**Aim of the task**
In exact form, please repeat the records from their opening line down to the line with "Skin Republic Caviar + CoQ10 Face Mask 25ml", including that line.

**Records from a data source**

⟨

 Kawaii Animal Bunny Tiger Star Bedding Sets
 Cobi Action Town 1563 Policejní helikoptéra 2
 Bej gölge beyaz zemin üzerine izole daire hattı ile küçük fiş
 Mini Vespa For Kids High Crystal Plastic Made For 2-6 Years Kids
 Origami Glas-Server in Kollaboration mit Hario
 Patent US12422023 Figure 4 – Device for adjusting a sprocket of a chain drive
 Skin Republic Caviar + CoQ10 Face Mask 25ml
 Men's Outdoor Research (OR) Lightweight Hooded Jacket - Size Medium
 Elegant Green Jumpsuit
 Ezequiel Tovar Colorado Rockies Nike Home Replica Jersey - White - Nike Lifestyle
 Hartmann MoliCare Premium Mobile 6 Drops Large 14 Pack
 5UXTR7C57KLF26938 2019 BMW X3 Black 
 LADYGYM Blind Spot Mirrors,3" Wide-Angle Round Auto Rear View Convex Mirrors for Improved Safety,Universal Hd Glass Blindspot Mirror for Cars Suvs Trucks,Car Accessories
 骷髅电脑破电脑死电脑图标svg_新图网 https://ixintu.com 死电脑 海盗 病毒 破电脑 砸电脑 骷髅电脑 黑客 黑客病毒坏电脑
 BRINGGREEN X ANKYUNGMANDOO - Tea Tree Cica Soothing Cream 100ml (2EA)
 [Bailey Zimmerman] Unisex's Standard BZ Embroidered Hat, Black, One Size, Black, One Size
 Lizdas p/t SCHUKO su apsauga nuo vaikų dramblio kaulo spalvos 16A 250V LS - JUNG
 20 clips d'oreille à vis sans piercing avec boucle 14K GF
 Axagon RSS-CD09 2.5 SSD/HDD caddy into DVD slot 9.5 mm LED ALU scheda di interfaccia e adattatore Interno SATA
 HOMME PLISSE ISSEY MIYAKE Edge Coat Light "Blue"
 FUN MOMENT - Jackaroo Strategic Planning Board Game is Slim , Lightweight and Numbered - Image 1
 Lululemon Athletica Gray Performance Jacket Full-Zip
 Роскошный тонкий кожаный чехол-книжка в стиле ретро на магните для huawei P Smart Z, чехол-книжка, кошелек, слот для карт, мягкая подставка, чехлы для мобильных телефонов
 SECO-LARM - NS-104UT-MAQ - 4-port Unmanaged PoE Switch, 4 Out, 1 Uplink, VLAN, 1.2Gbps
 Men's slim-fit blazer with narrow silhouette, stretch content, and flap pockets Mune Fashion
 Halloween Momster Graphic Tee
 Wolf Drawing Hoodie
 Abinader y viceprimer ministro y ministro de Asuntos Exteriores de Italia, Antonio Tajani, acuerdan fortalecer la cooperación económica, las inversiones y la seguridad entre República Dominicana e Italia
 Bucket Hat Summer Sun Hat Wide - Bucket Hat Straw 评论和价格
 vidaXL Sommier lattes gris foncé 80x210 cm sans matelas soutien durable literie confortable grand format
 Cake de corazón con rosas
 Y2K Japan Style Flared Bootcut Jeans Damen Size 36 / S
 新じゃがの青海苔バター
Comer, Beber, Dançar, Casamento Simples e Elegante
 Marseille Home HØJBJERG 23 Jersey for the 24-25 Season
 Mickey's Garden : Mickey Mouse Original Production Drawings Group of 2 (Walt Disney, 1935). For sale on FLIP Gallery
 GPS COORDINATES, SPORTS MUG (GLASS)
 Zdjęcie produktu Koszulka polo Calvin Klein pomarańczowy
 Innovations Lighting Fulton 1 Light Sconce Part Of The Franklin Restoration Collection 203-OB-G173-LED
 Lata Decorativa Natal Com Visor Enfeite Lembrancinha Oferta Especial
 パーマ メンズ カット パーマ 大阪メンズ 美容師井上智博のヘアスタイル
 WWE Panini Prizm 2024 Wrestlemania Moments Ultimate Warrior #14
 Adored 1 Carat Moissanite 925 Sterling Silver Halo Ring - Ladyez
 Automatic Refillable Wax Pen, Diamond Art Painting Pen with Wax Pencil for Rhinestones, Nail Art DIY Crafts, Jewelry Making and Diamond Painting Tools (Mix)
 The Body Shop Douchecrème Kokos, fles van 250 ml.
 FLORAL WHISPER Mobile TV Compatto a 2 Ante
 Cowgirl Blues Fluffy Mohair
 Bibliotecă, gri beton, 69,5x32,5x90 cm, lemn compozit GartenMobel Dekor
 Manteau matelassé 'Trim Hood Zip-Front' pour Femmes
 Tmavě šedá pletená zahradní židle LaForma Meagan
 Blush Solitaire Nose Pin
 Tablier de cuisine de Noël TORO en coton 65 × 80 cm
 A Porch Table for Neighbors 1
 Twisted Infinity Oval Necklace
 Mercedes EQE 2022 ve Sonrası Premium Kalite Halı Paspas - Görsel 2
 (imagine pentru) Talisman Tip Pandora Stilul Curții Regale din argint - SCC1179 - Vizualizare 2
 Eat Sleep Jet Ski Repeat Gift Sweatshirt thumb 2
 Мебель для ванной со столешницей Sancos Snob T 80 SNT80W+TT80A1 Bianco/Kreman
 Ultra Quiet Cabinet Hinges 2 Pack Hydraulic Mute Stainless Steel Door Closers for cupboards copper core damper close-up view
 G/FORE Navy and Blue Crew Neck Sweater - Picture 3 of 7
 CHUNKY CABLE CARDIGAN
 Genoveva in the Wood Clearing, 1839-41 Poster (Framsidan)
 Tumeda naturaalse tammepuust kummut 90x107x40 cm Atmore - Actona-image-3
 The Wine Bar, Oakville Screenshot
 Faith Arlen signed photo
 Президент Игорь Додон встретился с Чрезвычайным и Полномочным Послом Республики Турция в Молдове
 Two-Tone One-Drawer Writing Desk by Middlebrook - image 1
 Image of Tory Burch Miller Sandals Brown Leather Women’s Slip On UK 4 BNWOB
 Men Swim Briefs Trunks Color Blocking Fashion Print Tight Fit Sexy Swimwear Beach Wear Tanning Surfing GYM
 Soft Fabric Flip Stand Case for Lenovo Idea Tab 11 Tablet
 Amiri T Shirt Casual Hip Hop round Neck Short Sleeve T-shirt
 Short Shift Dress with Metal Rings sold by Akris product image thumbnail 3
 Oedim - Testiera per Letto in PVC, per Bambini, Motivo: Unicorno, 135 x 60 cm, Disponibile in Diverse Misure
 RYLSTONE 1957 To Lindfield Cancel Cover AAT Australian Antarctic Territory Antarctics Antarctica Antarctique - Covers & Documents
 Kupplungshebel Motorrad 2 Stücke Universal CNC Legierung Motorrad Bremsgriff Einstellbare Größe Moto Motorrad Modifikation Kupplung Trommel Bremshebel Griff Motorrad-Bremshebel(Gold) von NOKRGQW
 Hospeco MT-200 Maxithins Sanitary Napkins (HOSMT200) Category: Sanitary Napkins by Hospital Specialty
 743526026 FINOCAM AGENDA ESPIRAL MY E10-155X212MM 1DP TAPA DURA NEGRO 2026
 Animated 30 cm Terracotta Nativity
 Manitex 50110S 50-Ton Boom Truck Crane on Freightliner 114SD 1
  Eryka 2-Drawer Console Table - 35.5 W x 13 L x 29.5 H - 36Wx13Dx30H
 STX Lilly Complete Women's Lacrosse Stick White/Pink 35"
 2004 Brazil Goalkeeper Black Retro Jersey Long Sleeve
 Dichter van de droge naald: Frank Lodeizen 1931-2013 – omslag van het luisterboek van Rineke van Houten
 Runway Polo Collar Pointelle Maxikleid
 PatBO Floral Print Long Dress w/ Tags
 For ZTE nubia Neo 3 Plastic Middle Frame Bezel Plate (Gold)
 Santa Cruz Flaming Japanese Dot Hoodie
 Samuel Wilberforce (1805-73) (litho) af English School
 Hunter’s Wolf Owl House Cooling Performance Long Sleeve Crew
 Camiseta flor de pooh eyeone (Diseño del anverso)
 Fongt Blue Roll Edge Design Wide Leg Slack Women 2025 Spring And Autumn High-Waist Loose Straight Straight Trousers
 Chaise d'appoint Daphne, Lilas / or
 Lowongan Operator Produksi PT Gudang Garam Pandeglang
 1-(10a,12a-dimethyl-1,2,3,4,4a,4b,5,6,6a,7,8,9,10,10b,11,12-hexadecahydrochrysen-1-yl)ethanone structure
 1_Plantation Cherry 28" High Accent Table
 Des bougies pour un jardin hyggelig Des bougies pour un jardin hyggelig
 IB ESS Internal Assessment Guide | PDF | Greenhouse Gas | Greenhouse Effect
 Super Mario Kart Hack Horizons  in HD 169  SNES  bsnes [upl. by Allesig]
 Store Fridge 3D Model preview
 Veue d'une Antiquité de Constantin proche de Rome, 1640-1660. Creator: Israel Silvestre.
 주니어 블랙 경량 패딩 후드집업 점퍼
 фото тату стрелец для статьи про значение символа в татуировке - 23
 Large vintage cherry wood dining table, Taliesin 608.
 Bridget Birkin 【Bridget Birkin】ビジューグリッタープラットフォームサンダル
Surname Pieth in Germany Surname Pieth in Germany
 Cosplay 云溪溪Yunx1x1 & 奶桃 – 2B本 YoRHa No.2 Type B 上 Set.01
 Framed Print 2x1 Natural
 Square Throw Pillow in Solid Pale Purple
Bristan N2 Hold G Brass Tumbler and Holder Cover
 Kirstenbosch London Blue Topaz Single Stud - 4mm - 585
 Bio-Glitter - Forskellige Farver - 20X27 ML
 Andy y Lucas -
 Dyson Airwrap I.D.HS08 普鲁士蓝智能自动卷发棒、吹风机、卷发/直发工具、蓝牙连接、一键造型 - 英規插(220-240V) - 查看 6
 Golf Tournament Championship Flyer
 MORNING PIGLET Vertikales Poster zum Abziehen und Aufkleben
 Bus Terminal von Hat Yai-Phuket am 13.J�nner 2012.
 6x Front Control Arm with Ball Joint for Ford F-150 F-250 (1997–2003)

⟩

**Your solution**
 Kawaii Animal Bunny Tiger Star Bedding Sets
 Cobi Action Town 1563 Policejní helikoptéra 2
 Bej gölge beyaz zemin üzerine izole daire hattı ile küçük fiş
 Mini Vespa For Kids High Crystal Plastic Made For 2-6 Years Kids
 Origami Glas-Server in Kollaboration mit Hario
 Patent US12422023 Figure 4 – Device for adjusting a sprocket of a chain drive
 Skin Republic Caviar + CoQ10 Face Mask 25ml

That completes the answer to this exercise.